E.g. we train a word2vec model using gensim:

from gensim import corpora, models, similarities
from gensim.models.word2vec import Word2Vec

documents = ["Human machine interface for lab abc computer applications",
              "A survey of user opinion of computer system response time",
              "The EPS user interface management system",
              "System and human system engineering testing of EPS",
              "Relation of user perceived response time to error measurement",
              "The generation of random binary unordered trees",
              "The intersection graph of paths in trees",
              "Graph minors IV Widths of trees and well quasi ordering",
              "Graph minors A survey"]

texts = [[word for word in document.lower().split()] for document in documents]
w2v_model = Word2Vec(texts, size=500, window=5, min_count=1)
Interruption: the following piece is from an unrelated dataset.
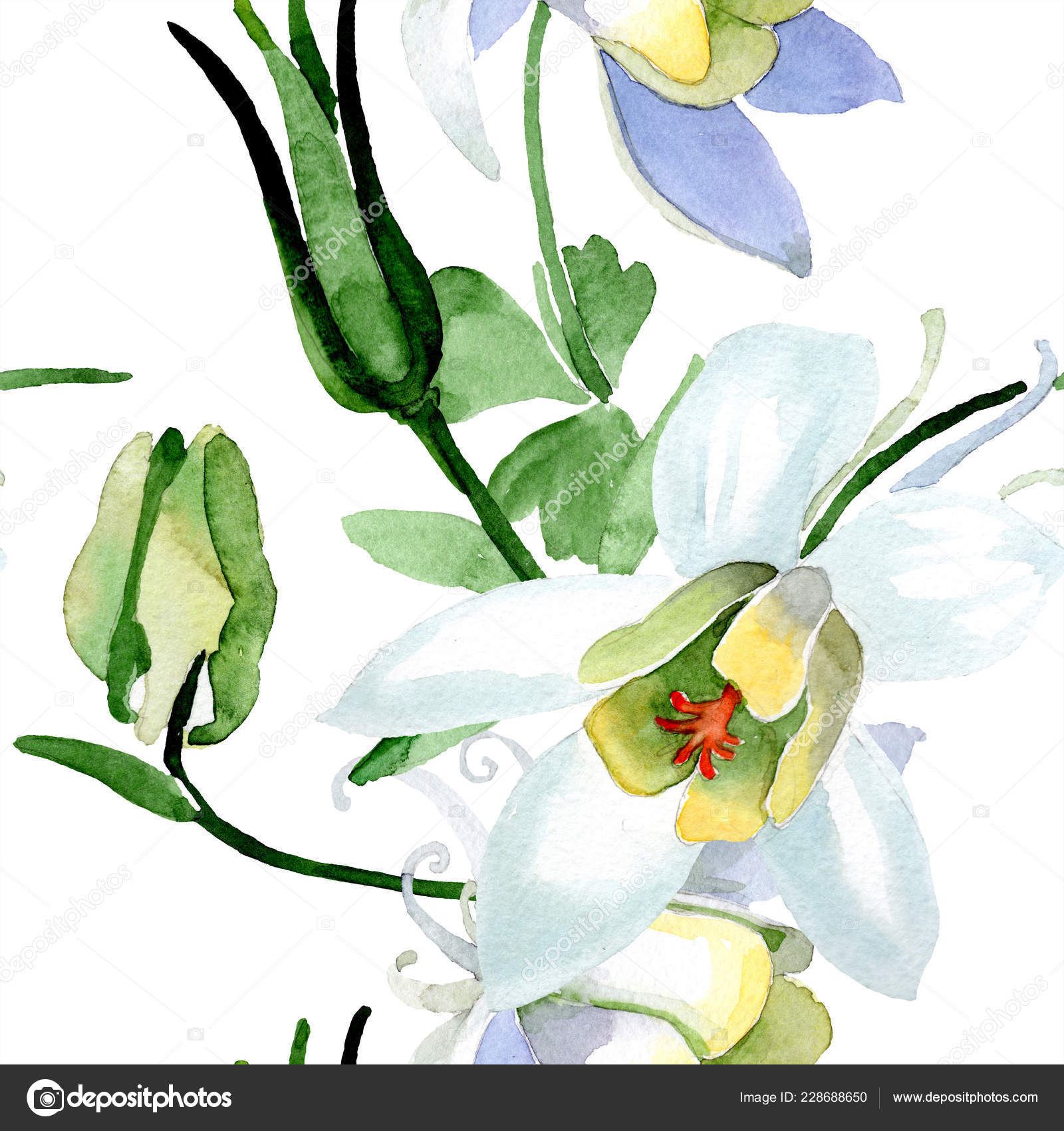 白色的水痛花美丽的春天野花无缝的背景模式织物壁纸打印纹理水彩背景插图 免费图库图片 C Andreyanush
And when we query the similarity between words, we find negative similarity scores:

>>> w2v_model.similarity('graph', 'computer')
0.046929569156789336
>>> w2v_model.similarity('graph', 'system')
0.063683518562347399
>>> w2v_model.similarity('survey', 'generation')
-0.040026775040430063
>>> w2v_model.similarity('graph', 'trees')
-0.0072684112978664561

How do we interpret the negative scores?

If it's a cosine similarity shouldn't the range be [0,1]?

What is the upper bound and lower bound of the Word2Vec.similarity(x,y) function? There isn't much written in the docs: https://radimrehurek.com/gensim/models/word2vec.html#gensim.models.word2vec.Word2Vec.similarity =(

Looking at the Python wrapper code, there isn't much too: https://github.com/RaRe-Technologies/gensim/blob/develop/gensim/models/word2vec.py#L1165

(If possible, please do point me to the .pyx code of where the similarity function is implemented.)

Answer

Eugene K picture Eugene K · Mar 1, 2017

Cosine similarity ranges from -1 to 1, same as a regular cosine wave.

Cosine Wave

As for the source:

https://github.com/RaRe-Technologies/gensim/blob/ba1ce894a5192fc493a865c535202695bb3c0424/gensim/models/word2vec.py#L1511

def similarity(self, w1, w2):
    """
    Compute cosine similarity between two words.
    Example::
      >>> trained_model.similarity('woman', 'man')
      0.73723527
      >>> trained_model.similarity('woman', 'woman')
      1.0
    """
    return dot(matutils.unitvec(self[w1]), matutils.unitvec(self[w2])